On May 12, 2020, Bernstein Litowitz Berger & Grossmann filed a class action lawsuit on behalf of its client, Fire and Police Pension Association of Colorado (“Lead Plaintiff”) for violations of the federal securities laws in the U.S. District Court for the District of Delaware against Grand Canyon Education, Inc. (“Grand Canyon”) and certain of Grand Canyon’s senior executives (collectively, “Defendants”) on behalf of investors in Grand Canyon common stock between January 5, 2018, and January 27, 2020, inclusive (the “Class Period”).The case is captioned In re Grand Canyon Education, Inc. Securities Litigation, No. 1:20-cv-00639-MN-CJB (D. Del.).

As alleged in the complaint, Defendants inflated Grand Canyon’s financial results by spinning off its formerly for-profit university, Grand Canyon University, (“GCU”) as a purportedly non-profit university, New GCU, which it used as an off-balance-sheet entity to which Grand Canyon was able to funnel expenses and costs in exchange for a disproportionate amount of revenue. Defendants repeatedly made false and misleading statements to investors describing New GCU as a “non-profit” and “independent” institution, misstating Grand Canyon’s role as a third-party provider of education services, and misstating the Company’s financial results. In addition, the Company failed to disclose to investors that it had received repeated communications from the U.S. Department of Education (“DOE”) putting the agency’s approval of the spinoff in doubt. 
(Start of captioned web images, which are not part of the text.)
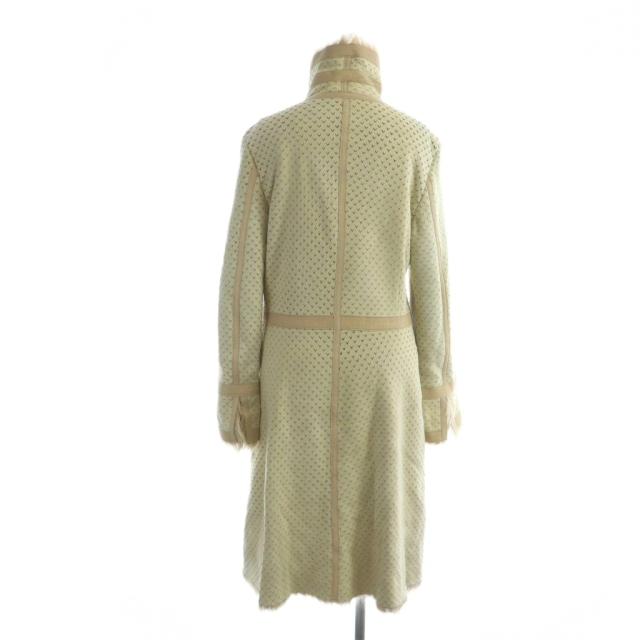 【中古】カールドノヒュー KARL DONOGHUE ムートン コート ラムスキン レザー 毛皮 ロング XS アイボリー レディース_1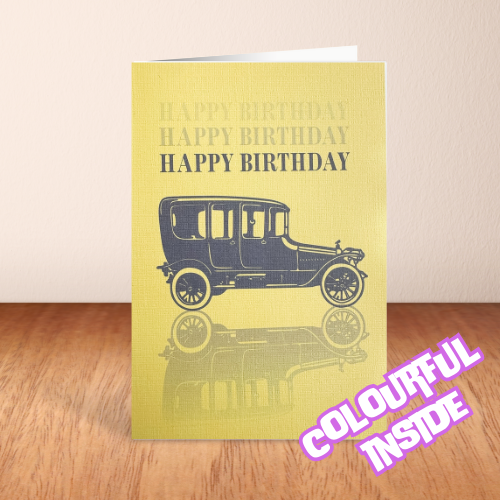 Yellow & Grey Vintage Car 'Happy Birthday' Card (6x4")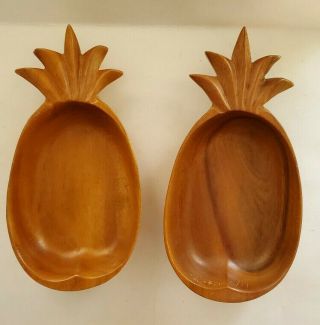 Vintage Monkey Pod Wood Pineapple Shaped Carved Bowls Japan 10.  5 " X 5 " Tiki Luau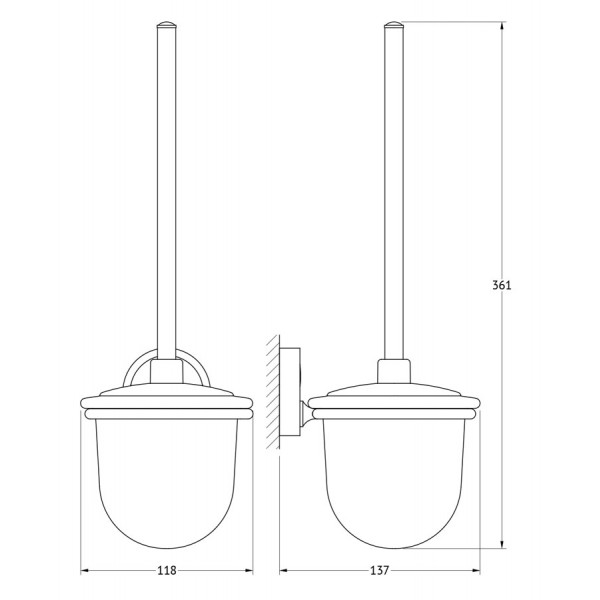 Ерш с крышкой настенный стекло FBS (Чехия) LUX 057 sun-id-561452 - Вид №1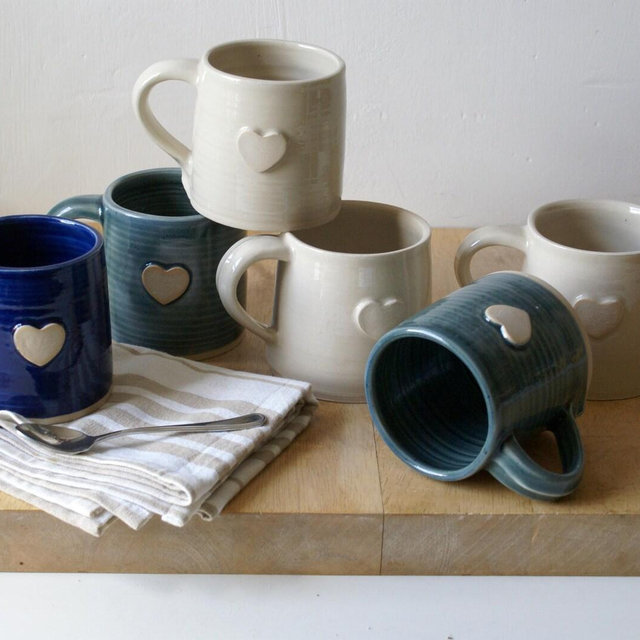 Set of two love heart handmade pottery mugs in a choice of three colours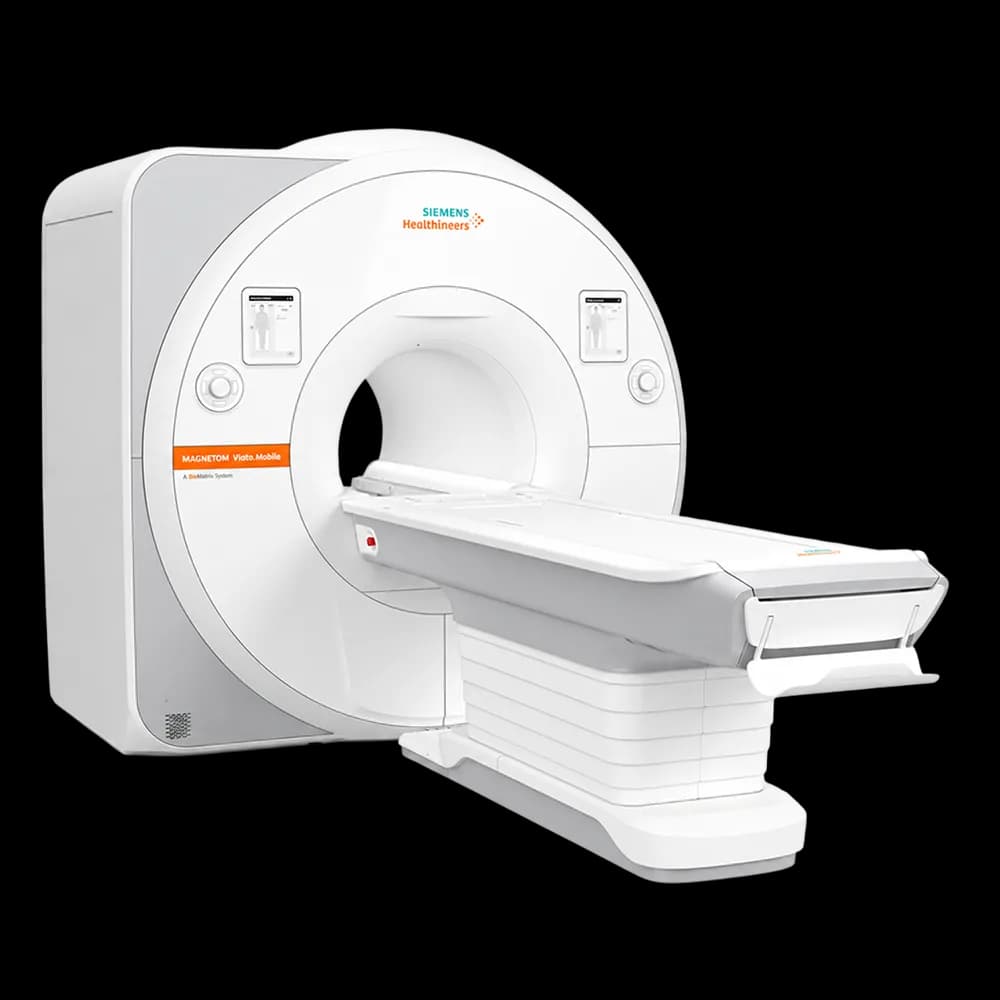 Siemens MAGNETOM Viato.Mobile MRI scanner with patient table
The truth emerged through a series of disclosures beginning on November 6, 2019, when Grand Canyon announced that it had received a letter from the DOE denying its application for designation of New GCU as a non-profit. That denial was based on the DOE’s finding, through an examination of several confidential analyses of the transaction commissioned by Grand Canyon’s Board of Directors, that New GCU was Grand Canyon’s “captive client” and that New GCU “is not the entity actually operating [GCU].” The DOE concluded that the relationship between Grand Canyon and New GCU violated “the most basic tenet of nonprofit status—that the nonprofit be primarily operated for a tax-exempt purpose and not substantially for the benefit of any other purpose or entity.” Then, on January 28, 2020, financial analyst Citron Research published a second report expanding on the DOE’s findings, citing hundreds of pages of non-public supporting documentation from Grand Canyon that Citron obtained through a Freedom of Information Act request. That report described Grand Canyon as the “educational Enron,” using a “captive non-reporting subsidiary” to “dump expenses and liabilities, while receiving a disproportionate amount of revenue at inflated margins in order to artificially inflate the stock price.” As a result of these disclosures, the price of Grand Canyon common stock declined precipitously.

On December 21, 2020, Defendants moved to dismiss the Complaint. Plaintiffs opposed that motion on February 19, 2021. Defendants filed their reply on March 22, 2021. The Court held oral argument on the motion to dismiss on May 26, 2021 and dismissed Plaintiffs’ complaint on August 9, 2021. Plaintiffs filed an amended complaint on January 21, 2022. Defendants filed their motion to dismiss the amended complaint on March 15, 2022. Plaintiffs filed their opposition to that motion on May 6, 2022, and Defendants filed their reply in further support of their motion on June 3, 2022. Oral argument on the motion was held on October 25, 2022.

On February 17, 2023, Magistrate Judge Christopher J. Burke issued a Report and Recommendation to deny Defendants’ motion to dismiss the Complaint. On February 27, 2023, Defendants filed objections to the Report and Recommendation and, on March 9, 2023, Plaintiffs filed their response to Defendants’ objections. On March 28, 2023, after oral argument, the Court overruled Defendants’ objections and adopted the Report and Recommendation, denying Defendants’ motion to dismiss the Complaint.

The case has proceeded into discovery.